This voice started to remind me that I had a job to do, had a project to work on. I had a due date to complete, and a partner to do it with. It also reminded me that I had done absolutely nothing on the project in the two weeks that it had been assigned. I hadn’t even spoken to Andrew about it.

Hell, I hadn’t even thought about Andrew since this whole thing began. Once again I was reminded just how self-absorbed I’d been in the past week. I had completely forgotten about him, about the project, about school – everything. I vaguely remember him talking about getting together to work on the report on the day Simone had “gifted” me the video, and had agreed to meet up while being totally focused on whether or not to watch it.

It was no wonder that I had forgotten to meet him.

He had every right to be pissed at me, and the “old me” would likely have shirked at a rebuke that he was probably going to give me. The “new me,” though, wasn’t in the mood. If he tried, I’d give him a telling off.
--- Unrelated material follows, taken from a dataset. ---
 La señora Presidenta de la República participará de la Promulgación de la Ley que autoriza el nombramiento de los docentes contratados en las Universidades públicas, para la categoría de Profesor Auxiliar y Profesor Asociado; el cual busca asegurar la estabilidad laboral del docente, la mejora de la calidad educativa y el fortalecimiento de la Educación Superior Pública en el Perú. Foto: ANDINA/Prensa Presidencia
I didn’t know much about Andrew. Nobody did. He was a late transfer into my class, a military brat whose father had been restationed at the worst possible time of the school year. I think, in fact, he had only been at the school for about a month. Probably not even that long. It was very, very easy to ignore and forget about him.

Yeah, you have no idea what that’s like, do you? Team Morality sniped at me.

Whatever.

I pulled into the driveway of his house, and gathered my things. I don’t know what I expected, perhaps some orgy of evidence that his parents were military fanatics; flags everywhere, insignias, hell maybe even a tank in his front yard. I had no idea.
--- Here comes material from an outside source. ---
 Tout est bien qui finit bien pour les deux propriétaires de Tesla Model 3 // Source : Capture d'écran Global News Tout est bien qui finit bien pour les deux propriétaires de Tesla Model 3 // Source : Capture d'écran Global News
The house, though, was about as normal as could be. There was another car in the driveway, nondescript and definitely a family car. I had no idea what kind it was, but it definitely didn’t scream “badass military urban assault vehicle.”

I knocked on the door, and a handsome man with a close-cropped haircut opened it. “Can I help you?” he asked, puzzled.
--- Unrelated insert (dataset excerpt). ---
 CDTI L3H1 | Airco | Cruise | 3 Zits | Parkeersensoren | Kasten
“Oh, um, hi,” I said. “I’m Shannon. Is Andrew here?”

“Yes,” he said. He didn’t look like he was going to offer any additional input.

“Um, I’m supposed to work on a school project with him,” I said, trying to fill the vacuum.

A cloud crossed his features, and I could see that he was not pleased. I don’t know what it was, but there was something about this man that was too intense for comfort.

He turned and shouted up the stairs. “Andrew!” he commanded.

“Coming!” Within moments, Andrew came down the stairs in a hurry.

Andrew was attractive in a way that I would call cute. He wasn’t handsome, and he certainly wasn’t ugly. But he had a freshness to his look that seemed to fall somewhere in-between. He was dressed in a t-shirt and basketball shorts that came down to his knees, but he was deneme bonus far too short to play basketball. I doubted he even came close to six feet tall, even though he was certainly taller than me.

“This young lady says that you are supposed to work on a school project,” he said, more of a statement than a question. Even so, it demanded a response.

“Yes, sir,” Andrew said. His body language told me that there was something between the two of them, and it wasn’t anywhere near the kind of relationship I had with my mom.

Had? Or “had had” with my mom? Once again Team Morality started tapping me on the shoulder with guilt about what I had done when I left the house.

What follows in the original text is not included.